NORL-HRL — Near-Optimal Representation Learning for Hierarchical Reinforcement Learning

Introduction

Finally, come back to this one. Time flies :-(

This post is closely related to the previous post of HIRO. Hmm, yeah, that’s the whole introduction.

TL; DR

NORL-HRL learns a representation function \(f\) and an inverse goal model \(\varphi\) by maximizes the mutual information(MI) between \([s_t,\pi]\) and \(s_{t+k}\),

\[\begin{align} \mathcal J(\theta, s_t,\pi)=\sum_{k=1}^c\gamma^{k-1}w_k\Big(\mathbb E_{P_\pi(s_{t+k}|s_t)}[-D(f_\theta(s_{t+k}),\varphi_\theta(s_t,\pi))]\\\ +\log\mathbb E_{\tilde s\sim\rho(s_{t+k})}\left[\exp\big(-D(f_\theta(\tilde s), \varphi_\theta(s_t,\pi))\big)\right]\Big) \end{align}\]

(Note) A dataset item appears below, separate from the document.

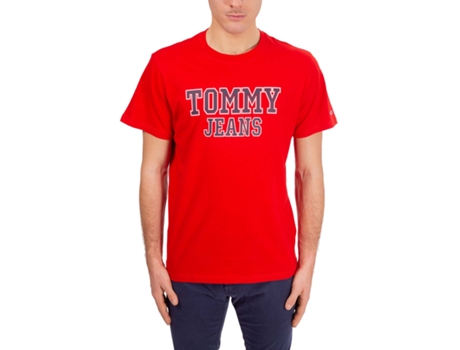 Camiseta de Hombre TOMMY JEANS Rojo (M)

where \(\pi\) is the lower-level policy, \(D\) is a distance function(e.g., the Huber function), \(f\) maps the target state \(s_{t+k}\) to the goal space, \(\varphi\) predicts which goal \(g\) was induced by the higher-level policy such the lower-level policy \(\pi\) was selected at the start state \(s_t\). In practice, we replace \(\pi\) with the actions taken by the lower level policy during \(t\) and \(t+k\), i.e., \(\pi=a_{t:t+c}\). Notice that the above objective is the conditional version of MINE estimator; that’s why we said NORL-RL learns \(f\) and \(\varphi\) to maximize the MI between \([s_t, \pi]\) and \(s_{t+k}\).

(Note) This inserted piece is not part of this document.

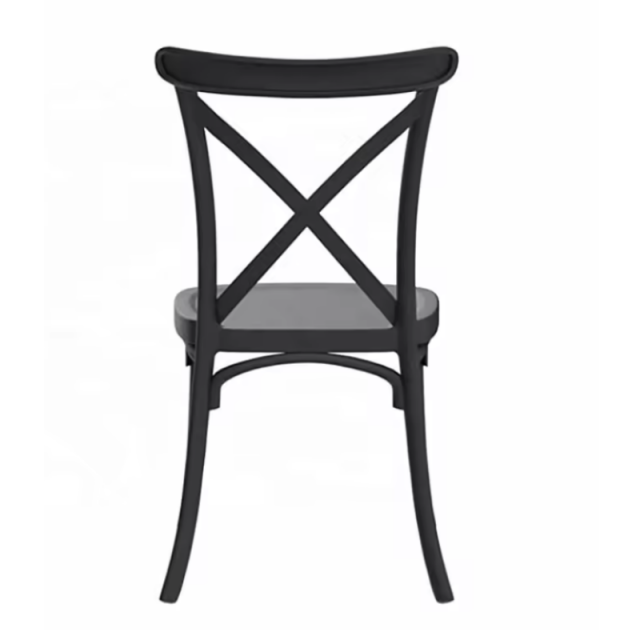 Wholesale Modern Stackable Cross Back Plastic Banquet Chair for Wedding Event Party (ZG50-010)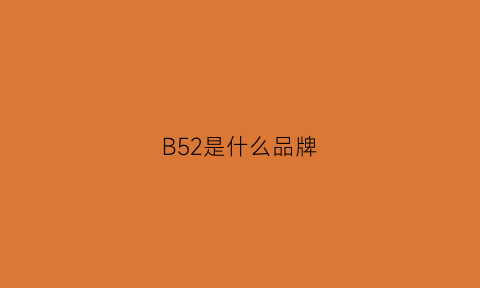 B52是什么品牌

With the representation function and the inverse goal model, NORL-HRL trains the higher and lower-level policies in a similar way as HIRO except

The higher-level policy produces goals in the goal space, a space of lower dimension than the state space.
The lower-level reward function now becomes

\[\begin{align} \tilde r_k=&w_k\Big(-D(f(s_{t+k}), g)-\big(-D(f(s_{t+k}),\varphi(s_{t},\pi))-\log \mathbb E_{\tilde s\sim\rho(s_{t+k})}[\exp(-D(f_\theta(\tilde s),\varphi_\theta(s_t,\pi))]\big)\Big)\\\ where\quad w_k=&\begin{cases} 1&k<c\\\ 1-\gamma&k = c \end{cases} \end{align}\]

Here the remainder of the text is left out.